### Exercise directions:
Which lines below contain the word "Street"? Copy each one.

### Information given:
────────────────
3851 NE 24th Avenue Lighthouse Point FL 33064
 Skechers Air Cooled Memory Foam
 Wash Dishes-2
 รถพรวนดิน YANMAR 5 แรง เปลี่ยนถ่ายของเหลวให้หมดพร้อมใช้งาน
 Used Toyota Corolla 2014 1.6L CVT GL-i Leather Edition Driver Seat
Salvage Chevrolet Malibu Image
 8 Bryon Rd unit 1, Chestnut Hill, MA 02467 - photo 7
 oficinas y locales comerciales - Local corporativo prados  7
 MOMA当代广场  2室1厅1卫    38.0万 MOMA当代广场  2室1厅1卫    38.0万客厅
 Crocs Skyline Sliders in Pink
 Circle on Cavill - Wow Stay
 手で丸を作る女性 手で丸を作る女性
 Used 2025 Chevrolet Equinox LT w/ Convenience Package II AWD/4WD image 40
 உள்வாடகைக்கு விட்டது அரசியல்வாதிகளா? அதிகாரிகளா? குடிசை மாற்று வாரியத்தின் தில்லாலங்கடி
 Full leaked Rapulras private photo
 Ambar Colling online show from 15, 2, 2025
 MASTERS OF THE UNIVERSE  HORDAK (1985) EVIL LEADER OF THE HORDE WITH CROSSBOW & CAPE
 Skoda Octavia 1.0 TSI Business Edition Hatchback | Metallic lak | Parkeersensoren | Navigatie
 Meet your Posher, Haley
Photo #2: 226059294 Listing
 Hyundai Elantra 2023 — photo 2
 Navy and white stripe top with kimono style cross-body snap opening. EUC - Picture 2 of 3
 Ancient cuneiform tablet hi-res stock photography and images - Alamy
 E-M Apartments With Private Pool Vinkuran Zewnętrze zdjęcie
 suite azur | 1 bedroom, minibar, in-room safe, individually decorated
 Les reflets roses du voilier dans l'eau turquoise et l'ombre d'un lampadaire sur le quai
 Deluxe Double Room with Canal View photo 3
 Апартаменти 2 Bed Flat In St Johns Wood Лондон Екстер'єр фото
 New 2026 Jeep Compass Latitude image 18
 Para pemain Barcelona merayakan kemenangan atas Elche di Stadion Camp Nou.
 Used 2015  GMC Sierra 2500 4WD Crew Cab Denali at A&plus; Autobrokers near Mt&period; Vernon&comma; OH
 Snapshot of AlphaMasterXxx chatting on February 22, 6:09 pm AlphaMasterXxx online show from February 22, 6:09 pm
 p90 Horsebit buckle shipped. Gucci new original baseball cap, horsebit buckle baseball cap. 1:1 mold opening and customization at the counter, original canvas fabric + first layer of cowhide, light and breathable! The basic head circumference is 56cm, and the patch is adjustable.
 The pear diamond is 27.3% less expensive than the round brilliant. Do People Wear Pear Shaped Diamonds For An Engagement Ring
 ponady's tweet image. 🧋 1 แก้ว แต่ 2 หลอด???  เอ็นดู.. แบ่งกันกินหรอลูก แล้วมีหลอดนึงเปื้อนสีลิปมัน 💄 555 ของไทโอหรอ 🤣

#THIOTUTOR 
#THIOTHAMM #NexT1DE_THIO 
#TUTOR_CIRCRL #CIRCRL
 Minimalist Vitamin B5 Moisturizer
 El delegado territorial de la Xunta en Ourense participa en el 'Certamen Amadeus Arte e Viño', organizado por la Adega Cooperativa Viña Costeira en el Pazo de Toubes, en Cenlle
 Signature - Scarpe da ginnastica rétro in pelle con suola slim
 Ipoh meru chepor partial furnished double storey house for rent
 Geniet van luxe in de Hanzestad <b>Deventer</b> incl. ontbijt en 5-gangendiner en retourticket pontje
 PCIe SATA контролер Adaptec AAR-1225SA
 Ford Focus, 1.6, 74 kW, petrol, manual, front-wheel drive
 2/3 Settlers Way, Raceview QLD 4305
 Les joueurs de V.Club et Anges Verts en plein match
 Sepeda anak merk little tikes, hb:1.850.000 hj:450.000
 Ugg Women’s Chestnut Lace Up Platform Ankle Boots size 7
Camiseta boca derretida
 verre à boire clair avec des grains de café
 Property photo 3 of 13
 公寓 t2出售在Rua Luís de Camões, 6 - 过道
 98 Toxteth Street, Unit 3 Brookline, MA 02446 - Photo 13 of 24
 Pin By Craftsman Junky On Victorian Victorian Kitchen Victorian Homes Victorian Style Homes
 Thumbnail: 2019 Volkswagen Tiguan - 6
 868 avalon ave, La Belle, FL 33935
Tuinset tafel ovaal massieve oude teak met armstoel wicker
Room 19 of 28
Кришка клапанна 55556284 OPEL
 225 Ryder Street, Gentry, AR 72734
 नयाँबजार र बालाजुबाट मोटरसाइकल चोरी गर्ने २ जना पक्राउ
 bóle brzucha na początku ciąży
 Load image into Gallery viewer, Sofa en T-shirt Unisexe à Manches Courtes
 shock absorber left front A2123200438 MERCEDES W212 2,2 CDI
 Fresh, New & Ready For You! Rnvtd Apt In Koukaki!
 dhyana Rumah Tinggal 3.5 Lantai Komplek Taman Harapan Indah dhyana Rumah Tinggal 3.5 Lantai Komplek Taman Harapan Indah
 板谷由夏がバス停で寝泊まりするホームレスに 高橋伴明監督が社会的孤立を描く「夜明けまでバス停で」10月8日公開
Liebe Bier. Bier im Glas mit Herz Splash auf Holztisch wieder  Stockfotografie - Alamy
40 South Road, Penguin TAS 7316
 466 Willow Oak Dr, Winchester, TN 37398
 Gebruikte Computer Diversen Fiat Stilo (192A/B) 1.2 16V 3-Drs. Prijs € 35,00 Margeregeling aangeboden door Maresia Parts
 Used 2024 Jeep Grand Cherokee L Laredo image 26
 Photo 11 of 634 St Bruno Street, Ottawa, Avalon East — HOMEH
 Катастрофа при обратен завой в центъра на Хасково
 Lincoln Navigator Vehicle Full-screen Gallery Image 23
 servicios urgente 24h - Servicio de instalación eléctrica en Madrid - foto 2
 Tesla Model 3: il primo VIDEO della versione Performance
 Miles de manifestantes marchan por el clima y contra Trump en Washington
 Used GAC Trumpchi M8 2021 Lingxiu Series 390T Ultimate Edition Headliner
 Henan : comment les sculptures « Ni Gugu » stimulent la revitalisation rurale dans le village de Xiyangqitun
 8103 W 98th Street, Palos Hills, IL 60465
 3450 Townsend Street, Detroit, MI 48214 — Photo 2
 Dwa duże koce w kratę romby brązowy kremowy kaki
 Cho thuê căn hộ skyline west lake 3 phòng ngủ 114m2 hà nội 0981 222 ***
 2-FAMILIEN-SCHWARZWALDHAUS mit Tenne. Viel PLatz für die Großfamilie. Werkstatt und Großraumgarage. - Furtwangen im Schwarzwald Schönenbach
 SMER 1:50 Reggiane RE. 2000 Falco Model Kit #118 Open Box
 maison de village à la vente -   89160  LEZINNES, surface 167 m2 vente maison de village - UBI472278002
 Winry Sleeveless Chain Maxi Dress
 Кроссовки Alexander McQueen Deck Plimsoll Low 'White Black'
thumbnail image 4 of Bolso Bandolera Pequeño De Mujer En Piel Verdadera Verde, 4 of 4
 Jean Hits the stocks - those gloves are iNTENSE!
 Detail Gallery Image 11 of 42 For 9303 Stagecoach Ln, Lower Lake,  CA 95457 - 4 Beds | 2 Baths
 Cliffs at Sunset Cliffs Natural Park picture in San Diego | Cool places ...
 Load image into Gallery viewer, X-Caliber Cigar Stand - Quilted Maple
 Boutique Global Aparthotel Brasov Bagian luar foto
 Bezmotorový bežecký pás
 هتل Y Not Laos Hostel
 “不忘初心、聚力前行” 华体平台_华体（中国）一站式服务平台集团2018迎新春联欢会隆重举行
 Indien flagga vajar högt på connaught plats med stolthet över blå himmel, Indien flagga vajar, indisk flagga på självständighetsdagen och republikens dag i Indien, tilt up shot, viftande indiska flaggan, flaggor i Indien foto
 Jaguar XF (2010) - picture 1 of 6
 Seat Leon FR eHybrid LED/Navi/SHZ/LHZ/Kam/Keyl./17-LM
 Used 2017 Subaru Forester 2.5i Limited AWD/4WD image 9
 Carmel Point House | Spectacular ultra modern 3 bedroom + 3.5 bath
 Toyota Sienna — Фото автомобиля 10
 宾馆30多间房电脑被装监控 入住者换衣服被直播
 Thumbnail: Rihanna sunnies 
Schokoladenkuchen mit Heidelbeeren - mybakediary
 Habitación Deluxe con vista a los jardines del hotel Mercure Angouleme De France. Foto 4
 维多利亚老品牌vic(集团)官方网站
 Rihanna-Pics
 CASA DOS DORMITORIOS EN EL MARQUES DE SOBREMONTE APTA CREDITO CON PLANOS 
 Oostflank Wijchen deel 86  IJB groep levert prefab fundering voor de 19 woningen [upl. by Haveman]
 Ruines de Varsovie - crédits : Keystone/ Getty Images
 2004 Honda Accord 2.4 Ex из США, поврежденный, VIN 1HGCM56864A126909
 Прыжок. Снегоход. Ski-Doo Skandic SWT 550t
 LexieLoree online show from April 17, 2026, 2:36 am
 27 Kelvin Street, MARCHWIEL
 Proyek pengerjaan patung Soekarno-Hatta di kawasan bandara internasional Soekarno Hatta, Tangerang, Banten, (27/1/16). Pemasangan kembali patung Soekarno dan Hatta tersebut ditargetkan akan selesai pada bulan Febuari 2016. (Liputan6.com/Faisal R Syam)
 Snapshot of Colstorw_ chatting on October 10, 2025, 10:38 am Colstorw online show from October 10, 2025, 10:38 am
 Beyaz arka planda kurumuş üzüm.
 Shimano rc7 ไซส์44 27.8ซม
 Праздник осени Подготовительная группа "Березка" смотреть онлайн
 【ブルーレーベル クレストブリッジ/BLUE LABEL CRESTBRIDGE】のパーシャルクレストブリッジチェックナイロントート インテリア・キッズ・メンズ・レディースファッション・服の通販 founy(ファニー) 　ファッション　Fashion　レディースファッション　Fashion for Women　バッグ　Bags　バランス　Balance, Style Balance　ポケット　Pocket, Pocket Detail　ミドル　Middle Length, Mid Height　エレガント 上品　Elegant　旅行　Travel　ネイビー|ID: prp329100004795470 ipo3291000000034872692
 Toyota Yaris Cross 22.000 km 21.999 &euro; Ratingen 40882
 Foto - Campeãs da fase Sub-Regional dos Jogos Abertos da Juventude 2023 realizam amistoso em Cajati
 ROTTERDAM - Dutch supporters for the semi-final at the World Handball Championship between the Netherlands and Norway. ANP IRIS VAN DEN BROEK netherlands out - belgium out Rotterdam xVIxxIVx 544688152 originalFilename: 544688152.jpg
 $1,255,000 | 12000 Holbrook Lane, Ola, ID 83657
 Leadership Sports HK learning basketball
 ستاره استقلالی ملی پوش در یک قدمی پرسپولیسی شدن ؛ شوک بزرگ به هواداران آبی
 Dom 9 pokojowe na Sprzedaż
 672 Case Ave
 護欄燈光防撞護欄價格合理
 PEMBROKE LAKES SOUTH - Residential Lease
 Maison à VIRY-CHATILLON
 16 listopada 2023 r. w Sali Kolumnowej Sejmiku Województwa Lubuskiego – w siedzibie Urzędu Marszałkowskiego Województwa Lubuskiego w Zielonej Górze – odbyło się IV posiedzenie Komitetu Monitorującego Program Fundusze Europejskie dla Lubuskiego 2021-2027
────────────────
### Answer box:
 98 Toxteth Street, Unit 3 Brookline, MA 02446 - Photo 13 of 24
 225 Ryder Street, Gentry, AR 72734
 Photo 11 of 634 St Bruno Street, Ottawa, Avalon East — HOMEH
 8103 W 98th Street, Palos Hills, IL 60465
 3450 Townsend Street, Detroit, MI 48214 — Photo 2
 27 Kelvin Street, MARCHWIEL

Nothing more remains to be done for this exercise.